DIRECTIONS
In your copy, leave out all pictures and reproduce every entry exactly.

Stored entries
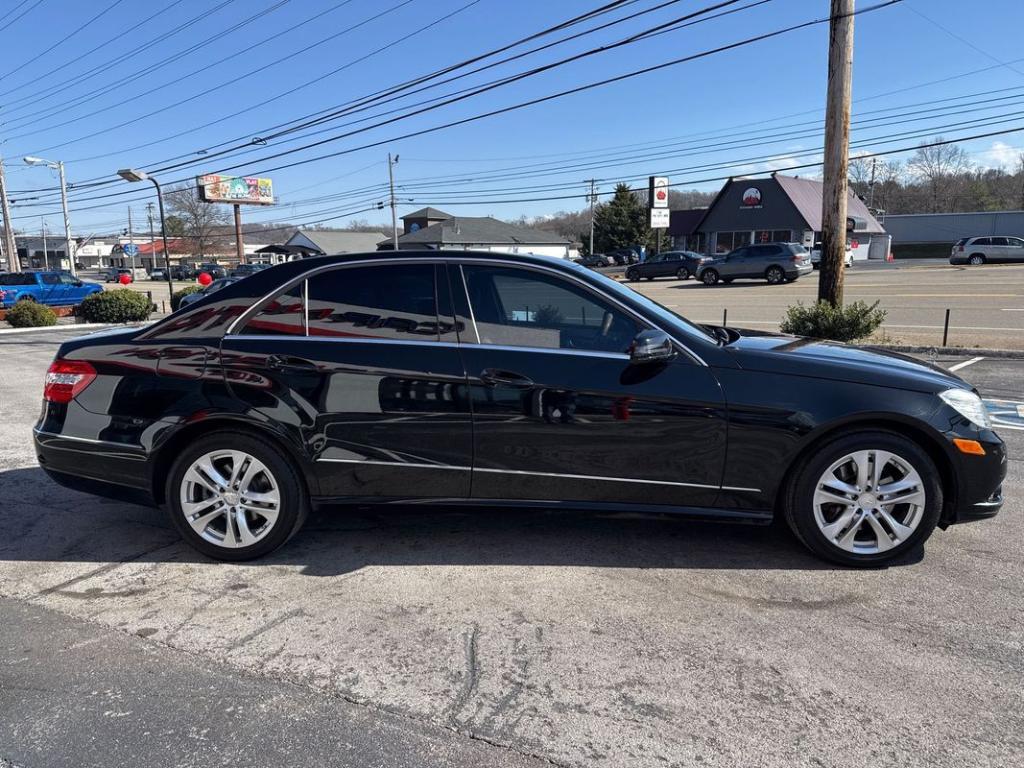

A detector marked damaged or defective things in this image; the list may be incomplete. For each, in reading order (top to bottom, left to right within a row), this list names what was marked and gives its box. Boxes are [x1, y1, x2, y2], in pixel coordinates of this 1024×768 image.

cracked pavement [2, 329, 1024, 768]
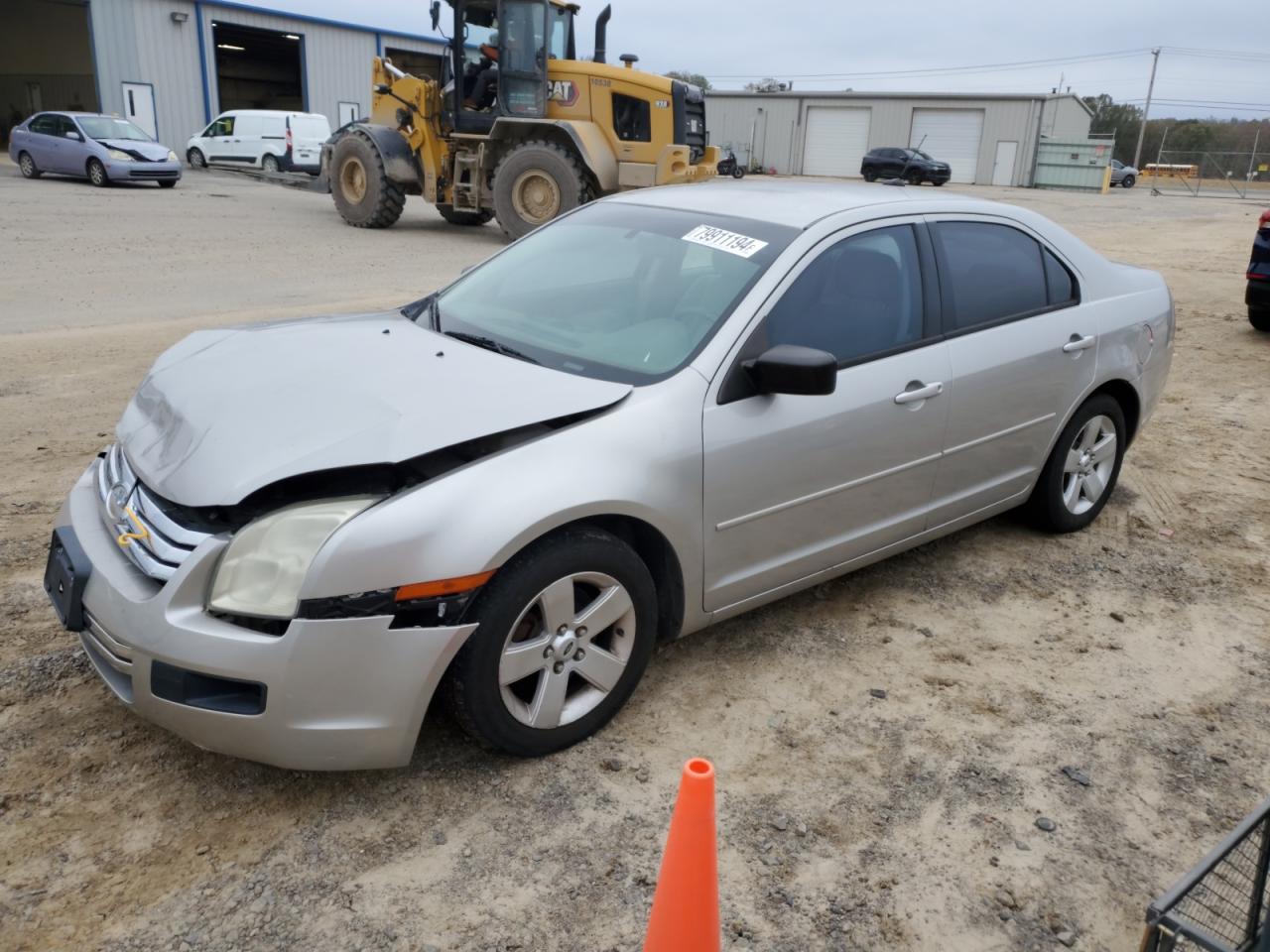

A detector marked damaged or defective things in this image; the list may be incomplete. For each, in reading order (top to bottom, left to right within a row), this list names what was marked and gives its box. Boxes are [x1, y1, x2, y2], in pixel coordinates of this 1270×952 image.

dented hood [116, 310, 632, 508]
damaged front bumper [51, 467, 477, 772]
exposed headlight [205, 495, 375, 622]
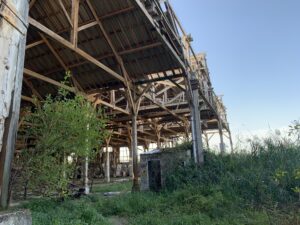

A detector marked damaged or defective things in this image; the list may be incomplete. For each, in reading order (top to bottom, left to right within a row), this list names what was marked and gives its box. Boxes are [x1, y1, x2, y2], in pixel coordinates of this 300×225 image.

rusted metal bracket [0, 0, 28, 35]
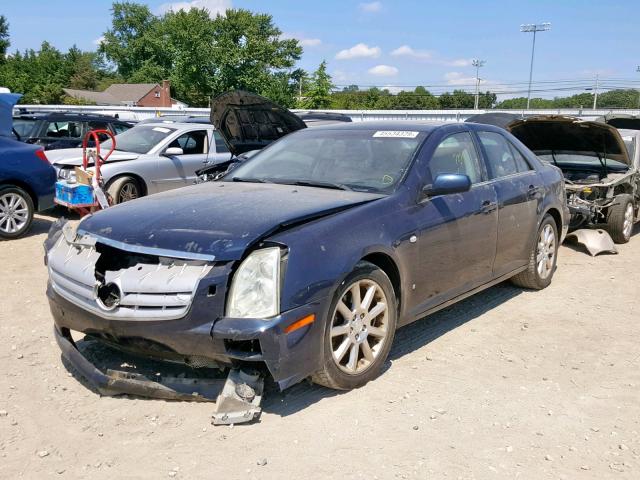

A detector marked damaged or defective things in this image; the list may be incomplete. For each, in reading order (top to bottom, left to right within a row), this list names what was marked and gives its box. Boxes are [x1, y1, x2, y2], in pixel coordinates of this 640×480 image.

RESPONSE TO THIS TASK
A detector marked damaged or defective things in this image; the list may be incomplete. For each, in reading order (top to bottom, left to right within a row), this list names what was marked and gives its box. Boxes are [x1, y1, x2, y2], in pixel coordinates of this 1024×768 image.

cracked pavement [2, 329, 1024, 768]

A detector marked damaged or defective things in this image; the list may be incomplete. For each, in reading order (top to bottom, left to right within a row), this list names what was marked and gives its box. Boxes are [x1, y1, x2, y2], in pixel coordinates of this 1270×952 image.

dented hood [116, 310, 632, 508]
damaged front bumper [51, 467, 477, 772]
exposed headlight [205, 495, 375, 622]

A detector marked damaged or defective things in this image; the list may be incomplete. For each, in reading order (top to bottom, left to right within a row), this list names what was marked and gives its box. Boxes are [x1, y1, x2, y2], in pixel coordinates of this 300×225 image.

rusted metal bracket [0, 0, 28, 35]

A detector marked damaged or defective things in this image; the list may be incomplete. For each, in reading order (top to bottom, left to right within a row), this list names what was marked and gives its box. Boxes are [x1, y1, x2, y2], in pixel coordinates of this 640×480 image.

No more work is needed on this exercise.